Re: Starting to doubt fortran



Gordon Sande wrote:
Yes. Interestingly the code was writen as an exercise in exposition
with efficiency as a secondary objective. The resulting style meant
that there were absolutely no "clever" tricks. The efficiency turned
out to be first rate as well. Some codes that pay attention to small
cache sizes have come in and out of fashion over time. Caches were not
an issue in 1966 and the typical machine used by crystallographers is
not throttled by small caches, although that may be changing.

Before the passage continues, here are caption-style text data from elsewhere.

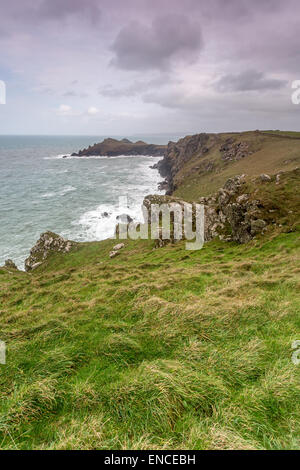 The rumps in cornwall england uk on the coast path Stock Photo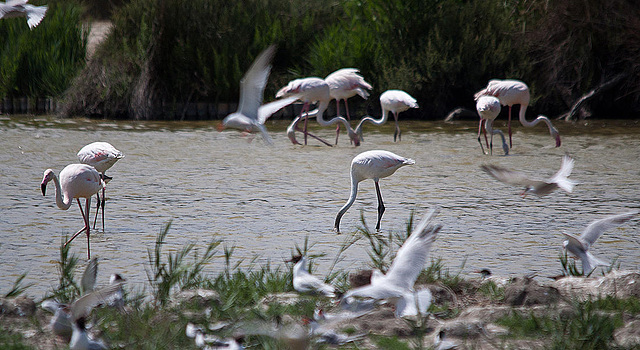 20110530 4346RTw [F] Rosaflamingo (Phoenicopterus roseus), Lachmöwe (Chroicocephalus ridibundus), Parc Ornithologique, Camargue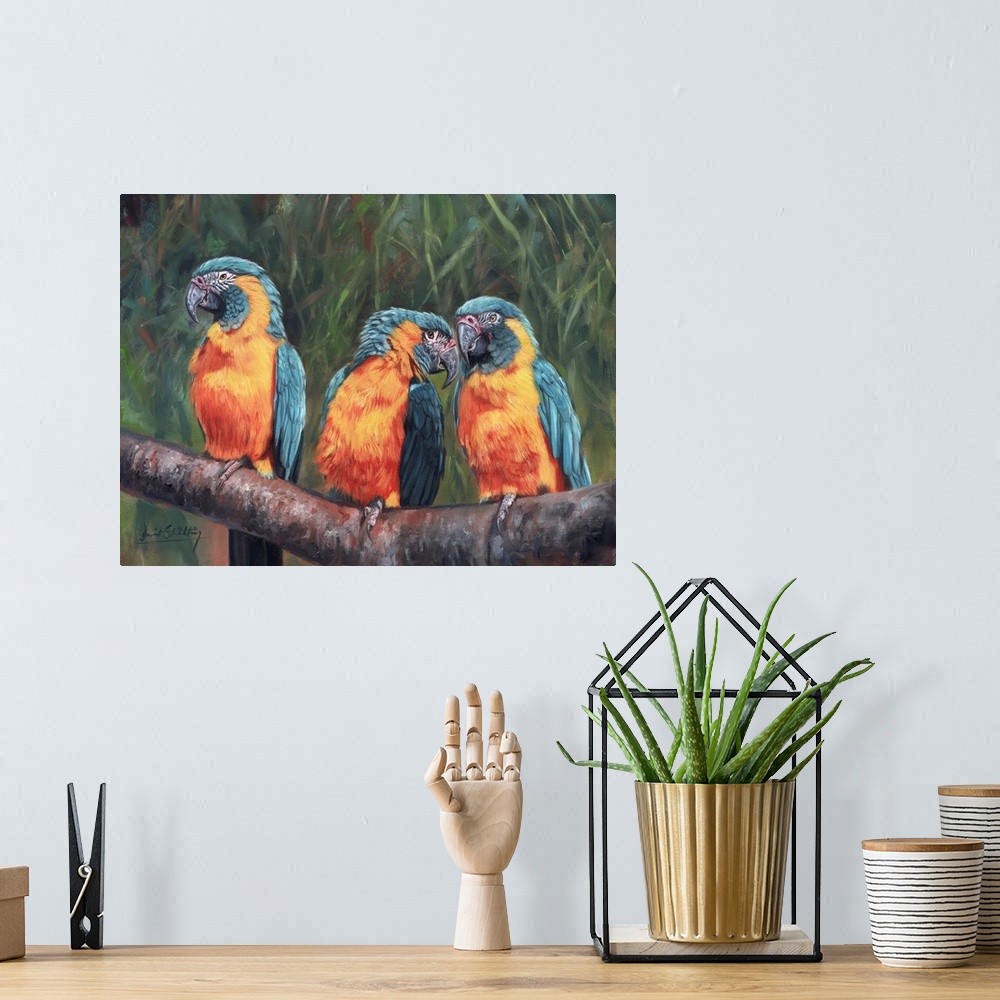 A bohemian room featuring 3 Macaws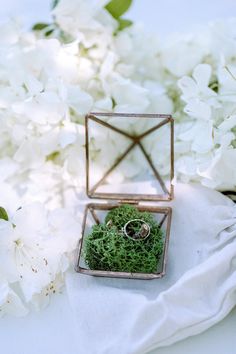 two wedding rings in a ring box surrounded by white hydranges on a table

Actually I'm much more impressed by what people were able to get out of
their computers at that time, or even in the 80's, than I am with what
is achieved with current hardware/software combinations, and that can
only be the software writers to blame.


The story I have heard repeatedly is that C needs to be "updated" every
time a new version of the vendors C compiler comes out. I have always
understood that to be overly "clever" code although some claim that C
encourages such behaviour.

Actually that specific language happens to be a central part of my
experience in that particular area. In pre-standard C days, the story
was partly true, but mostly it was about finding out which header files
to include on the "new" platform. That tended to reflect how the vendor
organized these files. The C code itself was mostly acceptable to the
compiler though, in fact much more than when feeding the same piece of
Fortran code to two different compilers.

These issues were best solved by just expanding on the customary section
of #include's at the top of each C file, controlling the selections
using #ifdef's. Since the C preprosessor _is_ in fact a central part of
the C language standard (as opposed to using a preprocessor with
Fortran), it could be reliably depended upon in a portable way. (The
"updated" code would still compile on the previus platform(s) it had
been adapted.) In post-standardization days much of this has gone away,
I think.

But then there are some specific issues, firstly the habit programmers
have of making assumptions about things that they shouldn't, like the
size of the 'int' type for instance. Bugs related to this I remember
were quite common at the time when many computers and compilers
transitioned from the 8/16-bit world into the 32-bit world. This is not
really a language issue, but more a coding issue. In theory the same
issues are inherent with Fortran too, but probably C was the candidate
most likely to come across it as it usually is preferred over Fortran
when doing things on a low level close to the metal. ;-)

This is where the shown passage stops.